Show code cell source
# Connections
connections_dic = {"from": ["Ibai-eder", "Arriaran", "Arriaran", "Urkulu"],
"to":["Barrendiola", "Lareo", "Ibiur", "Aixola"],
"km": [15.9, 14.5, 9.3, 15.3]}
# Convert to dafaframe
connections = pd.DataFrame(connections_dic)
print(connections)
from to km
0 Ibai-eder Barrendiola 15.9
1 Arriaran Lareo 14.5
2 Arriaran Ibiur 9.3
3 Urkulu Aixola 15.3
Show code cell source
# Import network package
import networkx as nx
# Create a graph
G = nx.Graph()
# Add nodes
for i in range(len(reservoirs)):
G.add_node(reservoirs.index[i],
vol_hm3=reservoirs["vol_hm3"][i],
alt_m=reservoirs["alt_m"][i])
# # Show nodes with metadata
# G.nodes(data=True)
# Add edges
for i in range(len(connections)):
G.add_edge(connections["from"][i], connections["to"][i],
dist_km=connections["km"][i],
alt_diff=abs(reservoirs.loc[connections["from"][i]]["alt_m"] \
- reservoirs.loc[connections["to"][i]]["alt_m"]))
# # Show edges with metadata
# G.edges(data=True)
# Node size proportional to reservoir volume
node_size = [G.nodes[i]["vol_hm3"] for i in G.nodes()]
scale = 800 # default 300
node_size_scaled = reservoirs["vol_hm3"] * scale
# Layout of the graph
pos_x = [3.5, 1.5, 6, 5, 0, 7, 3]
pos = {n: (x, G.nodes[n]["alt_m"]) for n, x in zip(G.nodes(), pos_x)}
# Edge list
edgelist = [(u, v) for (u, v) in G.edges()]
# Plot
fig, ax = plt.subplots(figsize=(10, 8))
nx.draw_networkx_nodes(G, pos=pos, ax=ax,
node_size=node_size_scaled)
nx.draw_networkx_labels(G, pos, ax=ax, font_size=11,
font_weight="bold", font_color="white")
nx.draw_networkx_edges(G, pos, ax=ax, node_size=node_size,
edgelist=edgelist, width=1)
# nx.draw_networkx_edge_labels(G, pos, ax=ax,
# edge_labels=nx.get_edge_attributes(G, "dist_km"),
# font_size=10)
ax.grid(axis="y")
ax.set_axisbelow(True)
ax.tick_params(axis='y', labelsize=14)
ax.set_ylabel("altitude (m)", size=15)
ax.tick_params(left=True, bottom=False, labelleft=True, labelbottom=False)
ax.set_ylim(0)
ax.text(2.5, 580, "Barrendiola", fontsize=13)
sns.despine()
plt.show()

So this is how I imagine the system: Barrendiola, which is located close to the mountains and at a relatively high altitude, gets a lot of water during the winter and spring. As it is small, it gets full easily and lets through a lot of water.
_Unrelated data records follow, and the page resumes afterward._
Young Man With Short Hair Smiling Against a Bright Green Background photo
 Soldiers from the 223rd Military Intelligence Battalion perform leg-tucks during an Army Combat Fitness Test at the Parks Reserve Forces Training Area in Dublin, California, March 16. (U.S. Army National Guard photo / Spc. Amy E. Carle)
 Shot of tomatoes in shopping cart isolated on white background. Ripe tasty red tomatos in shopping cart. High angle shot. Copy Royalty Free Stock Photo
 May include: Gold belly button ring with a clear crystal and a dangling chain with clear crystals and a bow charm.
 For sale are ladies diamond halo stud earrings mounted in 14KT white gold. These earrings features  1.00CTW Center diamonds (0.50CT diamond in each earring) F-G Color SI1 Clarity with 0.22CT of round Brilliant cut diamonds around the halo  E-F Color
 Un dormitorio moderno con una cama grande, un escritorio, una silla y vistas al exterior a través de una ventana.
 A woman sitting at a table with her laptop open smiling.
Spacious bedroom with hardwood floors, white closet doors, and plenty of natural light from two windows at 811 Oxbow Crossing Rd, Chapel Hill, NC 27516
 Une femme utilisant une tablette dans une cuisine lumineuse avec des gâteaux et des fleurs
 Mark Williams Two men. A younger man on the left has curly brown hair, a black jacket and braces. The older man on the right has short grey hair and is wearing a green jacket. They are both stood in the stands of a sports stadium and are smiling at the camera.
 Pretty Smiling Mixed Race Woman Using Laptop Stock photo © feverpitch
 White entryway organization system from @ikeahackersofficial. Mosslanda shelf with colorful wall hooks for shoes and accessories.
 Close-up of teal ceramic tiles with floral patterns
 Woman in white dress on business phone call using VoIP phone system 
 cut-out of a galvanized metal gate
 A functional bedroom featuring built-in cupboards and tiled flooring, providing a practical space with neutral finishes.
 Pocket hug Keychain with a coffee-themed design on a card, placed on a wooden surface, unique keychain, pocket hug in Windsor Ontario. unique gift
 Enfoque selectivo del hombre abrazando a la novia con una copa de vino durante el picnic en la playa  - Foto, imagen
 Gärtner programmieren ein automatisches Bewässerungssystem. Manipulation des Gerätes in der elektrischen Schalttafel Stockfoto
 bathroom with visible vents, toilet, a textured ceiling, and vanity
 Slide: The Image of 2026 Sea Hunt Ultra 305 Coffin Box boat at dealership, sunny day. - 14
This exceeding water could therefore be stored in the large Ibai-eder reservoir. Then, during the summers and autumns, Ibai-eder would give back to Barrendiola some of its water. And maybe, that way there would be enough resources to maintain a minimum ecological flow rate in the river Urola.
But I do not know about all this. Unfortunately, I was not able to get any information about water transfers between reservoirs. I suppose there are constraints also, and associated energy costs as well.
Conclusion#
In this project I analysed the data available online to learn about the figures relating the water supply in my community. The system looks quite limited in capacity for the dry months, especially considering the climate change and the hotter and presumably drier summers expected in the future. I hope that there is some plan on the part of the local governments to ensure a minimum flow that allows there to be fish in the river in a sustainable manner. I am going to miss the trouts otherwise.